# New bike and trailer



## MisterStan (31 Aug 2012)

Picking up Mrs Stan's new bike tomorrow along with a trailer for Little Miss Stan - pics will follow - she's quite excited at the prospect and for me it's a good chance to get some extra weekend miles in! Can anyone let me know is it difficult to adjust to pulling a trailer? I assume it must be quite different to normal riding conditions?


----------



## ianrauk (31 Aug 2012)

Takes a little getting used to. Just have to make sure your brakes are in very good working order and remember to brake a little earlier then normal. Also good to pedal in a lower gear rather then grind your knees to death.


----------



## ufkacbln (31 Aug 2012)

Why are you pulling a trailer when she has a new bike ?


----------



## MisterStan (31 Aug 2012)

We will both be pulling the trailer at different times.


----------



## ufkacbln (31 Aug 2012)

It is all fairly self regulating, you naturally become very cautious and develop the skills as you progress.

The only two things to remember are that:

1. You are wider so you cannot sneak through bollards and other obstacles
2. You are longer so central islands when crossing roads need to be treated with caution to make sure the trailer is safely on the island

.. and either to get a rear mudguard or put the front of the trailer down when travelling in the wet, or the child gets very muddy


----------



## MisterStan (1 Sep 2012)

Thanks guys. Test ride today!


----------



## skudupnorth (1 Sep 2012)

Enjoy,they are a great addition to cycling and you can carry loads of stuff in them !


----------



## ufkacbln (1 Sep 2012)

skudupnorth said:


> Enjoy,they are a great addition to cycling and you can carry loads of stuff in them !


 
We first tried a trailer at Rutland Water, and loaded it up with clothes, and other odds and ends to give it weight before trying it out
We stopped off for a pub lunch and left it outside .....

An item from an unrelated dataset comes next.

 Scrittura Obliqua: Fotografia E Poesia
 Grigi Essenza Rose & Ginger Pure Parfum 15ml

Came back a couple of minutes later to find three ladies from a Coach Party saying how cute the baby was snuggled down into the fleeces and things, but how irresponsible the parents were just leaving it outside the pub

As we ate lunch they stared daggers as we ignored the baby until one of them came across and spoke to my wife.

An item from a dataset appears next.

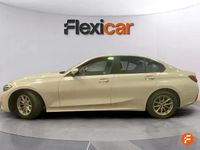 Brugt BMW 318 150 HK (110 kW) 2022 Hvid Sedan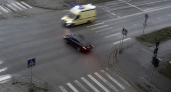 В Петрозаводске в ДТП со скорой по пути к младенцу погибли врач и водитель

She just let her continue for a couple of minutes before pointing out that the "baby" was in fact a waterproof jacket!


----------



## skudupnorth (1 Sep 2012)

We rode the Blackpool "Ride the Lights" event the other night and were amazed how many people commented on the trailer with our two youngest sat nice and snug even though there were quite a few using the same type of child transport !
They are a nice replacement for prams/buggies to carry all the stuff you would normally have to chuck in a rucksack,not sure if my kids will ride one once they become teenagers,must devise a cunning plan !


----------



## compo (1 Sep 2012)

Something I find when towing my trailer (cargo not kiddie type) is that a lot of cars seem to allow more room when they overtake. Also don't forget the trailer is there when you pull into the kerb to stop and dismount.


----------



## MisterStan (1 Sep 2012)

First ride was a success! Stopped in at a pub at the half way point too, so a double result!


----------